創世記2章1節に「こうして、すべてのものが完成した」とあります。
これは神でさえ創造の業を完成させるのに(その当時の時間的経過を表す単位で)一週間掛かったことを示しており、この間の過程を進化と呼んでも差し支えないようにも思われます。

①進化論を認めると弱肉強食の社会が出現してしまうという主張

キリスト教会が進化論を拒否する理由は、人間が猿から進化したものだとする考えは弱肉強食の哲学が背後にあり、これを認めることはそのような社会の出現を許してしまうことにつながるというものです。

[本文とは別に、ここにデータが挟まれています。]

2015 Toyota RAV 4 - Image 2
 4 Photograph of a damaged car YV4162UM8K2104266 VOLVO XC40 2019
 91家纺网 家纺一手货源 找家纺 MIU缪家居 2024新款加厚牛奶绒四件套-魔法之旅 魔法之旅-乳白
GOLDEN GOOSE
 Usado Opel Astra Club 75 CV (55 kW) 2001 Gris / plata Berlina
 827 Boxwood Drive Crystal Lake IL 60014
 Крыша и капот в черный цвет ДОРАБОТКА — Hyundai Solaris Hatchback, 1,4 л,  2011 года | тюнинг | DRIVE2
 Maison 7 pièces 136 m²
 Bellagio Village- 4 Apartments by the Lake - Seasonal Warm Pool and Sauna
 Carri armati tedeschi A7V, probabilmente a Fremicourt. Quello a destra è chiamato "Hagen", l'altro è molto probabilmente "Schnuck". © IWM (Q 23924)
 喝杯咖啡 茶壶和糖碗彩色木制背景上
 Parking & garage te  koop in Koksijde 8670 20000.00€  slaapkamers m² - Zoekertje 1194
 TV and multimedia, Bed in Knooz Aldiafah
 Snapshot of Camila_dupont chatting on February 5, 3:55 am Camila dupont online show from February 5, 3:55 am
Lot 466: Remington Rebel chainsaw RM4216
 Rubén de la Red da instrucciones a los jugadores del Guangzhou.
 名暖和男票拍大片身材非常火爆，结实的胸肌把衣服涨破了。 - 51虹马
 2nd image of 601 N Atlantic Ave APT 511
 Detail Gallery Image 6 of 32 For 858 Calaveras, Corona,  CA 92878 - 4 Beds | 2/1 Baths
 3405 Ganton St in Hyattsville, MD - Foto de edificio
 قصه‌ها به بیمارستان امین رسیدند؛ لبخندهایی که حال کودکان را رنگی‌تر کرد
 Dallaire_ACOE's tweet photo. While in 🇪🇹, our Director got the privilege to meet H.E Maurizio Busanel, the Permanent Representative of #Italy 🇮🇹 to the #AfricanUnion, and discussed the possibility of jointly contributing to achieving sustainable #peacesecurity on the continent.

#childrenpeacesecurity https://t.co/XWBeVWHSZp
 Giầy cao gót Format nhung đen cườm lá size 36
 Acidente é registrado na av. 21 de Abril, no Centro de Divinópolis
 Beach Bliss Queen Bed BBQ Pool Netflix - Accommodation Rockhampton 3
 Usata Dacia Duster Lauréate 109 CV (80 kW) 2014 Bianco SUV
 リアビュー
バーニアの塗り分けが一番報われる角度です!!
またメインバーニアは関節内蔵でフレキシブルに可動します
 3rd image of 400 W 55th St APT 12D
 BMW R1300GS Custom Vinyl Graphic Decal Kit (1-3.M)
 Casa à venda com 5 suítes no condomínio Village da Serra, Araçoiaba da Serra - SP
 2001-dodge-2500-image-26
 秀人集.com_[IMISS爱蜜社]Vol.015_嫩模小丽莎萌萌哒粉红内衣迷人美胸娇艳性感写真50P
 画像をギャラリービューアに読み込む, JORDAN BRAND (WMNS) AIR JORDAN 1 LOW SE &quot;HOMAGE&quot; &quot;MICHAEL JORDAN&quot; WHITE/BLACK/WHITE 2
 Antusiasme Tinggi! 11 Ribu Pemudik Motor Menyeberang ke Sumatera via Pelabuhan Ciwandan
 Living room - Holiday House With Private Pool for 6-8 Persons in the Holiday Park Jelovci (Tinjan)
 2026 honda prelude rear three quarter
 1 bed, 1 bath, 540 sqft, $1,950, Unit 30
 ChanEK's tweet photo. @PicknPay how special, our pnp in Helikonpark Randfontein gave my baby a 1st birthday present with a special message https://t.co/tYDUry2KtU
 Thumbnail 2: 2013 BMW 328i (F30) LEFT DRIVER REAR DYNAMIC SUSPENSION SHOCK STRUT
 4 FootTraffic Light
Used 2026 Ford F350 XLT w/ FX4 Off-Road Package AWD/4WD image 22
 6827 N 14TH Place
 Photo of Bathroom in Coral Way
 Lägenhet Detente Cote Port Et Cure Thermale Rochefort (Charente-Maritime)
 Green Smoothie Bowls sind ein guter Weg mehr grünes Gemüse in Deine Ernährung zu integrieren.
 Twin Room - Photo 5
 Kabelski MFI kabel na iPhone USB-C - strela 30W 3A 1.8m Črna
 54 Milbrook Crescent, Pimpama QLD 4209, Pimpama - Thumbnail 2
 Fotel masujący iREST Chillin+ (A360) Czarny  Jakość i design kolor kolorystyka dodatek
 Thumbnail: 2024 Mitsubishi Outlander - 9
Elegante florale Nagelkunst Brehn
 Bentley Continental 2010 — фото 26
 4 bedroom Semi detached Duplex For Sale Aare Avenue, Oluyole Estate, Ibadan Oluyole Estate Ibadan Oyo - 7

しかしキリスト教の影響力が最も強いアメリカが、世界で最もし烈な弱肉強食の社会となっているのが現実です。
これに対して進化論を丸ごと受け入れているように見える日本は(新自由主義によって社会が疲弊させられる以前は)割合に格差の少ない社会でした。
進化論に関する教会の主張は、少しも現実を反映していないと言うことができるでしょう。

②進化論を認めると人権尊重の根拠がなくなるという主張

二つ目の教会の主張は、人も猿も同じ祖先だとしたら、神が人にお与えになられた「人権」を尊重する根拠が失われるというものです。
しかし創世記2章7節には「神は土のちりで人を創造し、その中に霊を入れられた」とあります。
人とそのほかの被造物のちがいは、霊的存在であるかどうかにあり、肉体をもつ存在として質的な違いがあるわけではありません。
もちろん人以外のものを神が創造されたときは、ご自身の言葉で「あれ!」と言われるだけで創造なさったのに比べて、人を創造されるときは言葉だけではなく「土のちり」から自ら創造されたことは大きな違いです。
しかしこれは大きな違いであることに間違いはないのですが、土のちりとは取るに足らぬものの象徴であり、何ら自慢できることではないのです。
また土のちりからさえ創造されたのであれば、アメーバから創造されたと考えるのも何らおかしいことではありません。

◎今日ここに書きましたことは、ありのパパが何十年にも渡って聖書を丹念に読んでいったときに自然にまとまってきた理解であることを申し上げておきます。
どうぞありのパパが進化論者になったなどと誤解なさいませんように(笑)。
平安と祝福を祈っています。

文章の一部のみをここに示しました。